With the shorter hours of daylight at this time of year, I don't get to see that many birds on my way to and from work.  However, on Monday morning at 6am, as I was walking walking through central Reading on my way to the railway station, there was a grey heron (Ardea cinerea) standing in the river Kennet, just opposite the abbey ruins.  It was perfectly still in the darkness, with its neck extended as if it was watching.  Maybe the light from the street lights is bright enough for it to actually catch fish there at night, I don't know. 

Herons are usually fairly wary of people and I half expected it to fly off as I walked by along the tow path, but it didn't, maybe because I was I was over on the opposite bank.  It also ignored a car moving along the bank near to it, but when the driver got out of the car the heron rose up and flew off slowly upstream.

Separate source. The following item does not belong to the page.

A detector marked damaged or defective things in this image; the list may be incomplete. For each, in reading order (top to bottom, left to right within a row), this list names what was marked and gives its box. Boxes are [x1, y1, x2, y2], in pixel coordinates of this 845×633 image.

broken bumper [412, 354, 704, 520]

That part of the river, the shallows on the inside of a bend, must be a fairly popular place for water birds to spend the night: I often see swans, Canada geese, coots, mallard ducks, and occasionally the heron there in the early morning, waiting for daylight to come. 

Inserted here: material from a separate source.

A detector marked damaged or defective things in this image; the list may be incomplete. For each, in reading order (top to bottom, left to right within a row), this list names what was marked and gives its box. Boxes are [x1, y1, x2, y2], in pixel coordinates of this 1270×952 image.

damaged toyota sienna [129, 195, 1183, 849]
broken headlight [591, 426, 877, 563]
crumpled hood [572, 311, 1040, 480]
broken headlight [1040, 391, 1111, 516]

Niko's Nature by Hans Kruuk

This is an academic biography of Niko Tinbergen, the pioneeer of ethology, the study of animal behaviour.

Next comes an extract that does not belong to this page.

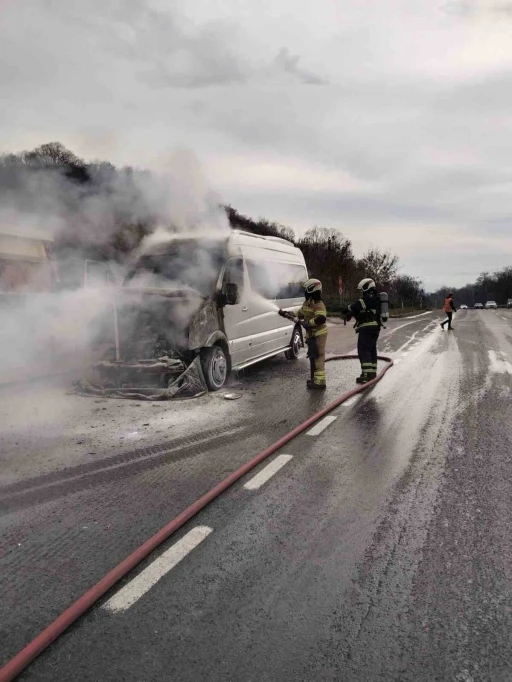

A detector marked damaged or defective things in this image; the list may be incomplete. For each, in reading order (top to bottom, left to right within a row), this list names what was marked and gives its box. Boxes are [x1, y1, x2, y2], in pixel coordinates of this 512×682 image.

burned white van [90, 231, 308, 396]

Tinbergen made his name by devising and carrying out some beautifully simple experiments on nest-finding in wasps and birds, on pecking behaviour in gull chicks, and on aggression between male sticklebacks.  He also seemed to have a real knack for attracting first class students and inspiring them to do first class work.  The names of just a few of his students will show what I mean: Desmond Morris, Richard Dawkins, Aubrey Manning, John Krebs, Marian Stamp Dawkins.  Tinbergen also wrote many popular books and articles on animal behaviour, and even made a few films.

However, Tinbergen was somewhat flawed both a scientist and as a person.  He didn't back up his work with the quantitative and statistical arguments that are now thought to be necessary, and he suffered increasingly from clinical depression in the latter half of his career, to the extent that some of his later students hardly ever saw him.  In spite of these flaws, his research group still managed to flourish, apparently largely thanks to his assistant Mike Cullen who looked after his students for him and provided the quantitative expertise that he lacked.  Tinbergen also showed good sense in his reaction to the potentially devastating criticisms of his experiments by the American Danny Lehrman: he invited Lehrman across to Oxford to help sort out what could be salvaged.

In 1973, the value of Tinbergen's work was recognized when he was awarded the Nobel prize for medicine, jointly with his old friend Konrad Lorenz, and Karl von Frisch.  Ten years later, Tinbergen suffered a couple of strokes but these had the fortunate side-effect of curing his depression and so he was able to enjoy himself during his last few years.  He died in 1988.

The relationship between Tinbergen and Lorenz was an interesting one, particularly in how it was affected by their experiences during the war.  In that respect it bears comparison with that between the physicists Niels Bohr and Werner Heisenberg.

A good read if you are interested in biology.  It should inspire you to search out copies of Tinbergen's papers and books.